2. Ce qui n'a pas été obtenu
Les négociations n'ont pas permis d'obtenir :
• la prise en compte formelle de la préférence communautaire, qui était une demande de la France sous PFUE dans le cadre des négociations. Cette demande n'a été soutenue par aucun autre Etat membre. Elle a même été considérée par le gouvernement britannique comme une proposition anti-américaine. Il n'était pas question que la France puisse dicter des conduites en matière d'achat susceptible d'empêcher le gouvernement britannique d'acheter à son partenaire habituel, les Etats-Unis. Les autres Etats membres qui habituellement achetaient américain, en particulier la Pologne, ont fermement soutenu le gouvernement britannique. La Commission estima quant à elle, que ce n'était pas le rôle de la directive de traiter ce sujet. La France n'a obtenu que le considérant 18 dans la directive, qui n'institue pas en droit la préférence communautaire puisqu'il n'est pas juridiquement contraignant.
• la prise en compte dans les appels d'offre de la « valeur ajoutée européenne », qui eût été une façon moins tranchée d'instaurer une clause de préférence communautaire, a elle aussi été écartée pour les mêmes raisons ;
• la prise en compte de la notion de réciprocité. L'action du CIDEF en ce sens n'a pas été soutenue par ses homologues européens à de rares exceptions près (Allemagne et Espagne) ;
• l'extension de la procédure négociée sans publicité préalable étendue aux développements en spirale, ou aux contrats de production à la suite des contrats de développement industriels ;
• la non-communication par les Etats d'informations sur leurs projets de contrats en coopération (coût global, part de R&D, cost-sharing entre Etats, quantités commandées par Etat), étant donné que ces contrats en coopération n'entrent pas dans le champ de cette directive. Cette disposition a été maintenue, la Commission européenne voulant éviter que des Etats, avec un minimum d'investissement en R&D, n'utilisent ce dispositif afin d'acquérir sans mise en concurrence des équipements.
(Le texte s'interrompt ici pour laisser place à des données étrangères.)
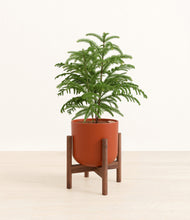 Load image into Gallery viewer, Earth Red stand:walnut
• la prise en compte des contrats du type FMS ( Foreign Military Sales - vente d'Etat à l'Etat) dans le champ de la Directive.
En conclusion, le point le plus important nous semble être l'absence de reconnaissance juridique formelle de la clause de préférence communautaire et de l'obligation de réciprocité pour l'ouverture des marchés.
Il n'existe pas non plus de procédure de reconnaissance réciproque des autorisations d'exportation et d'importation, le contrôle des Etats sur les entreprises d'armement restant complet à tous les stades de la production à la commercialisation.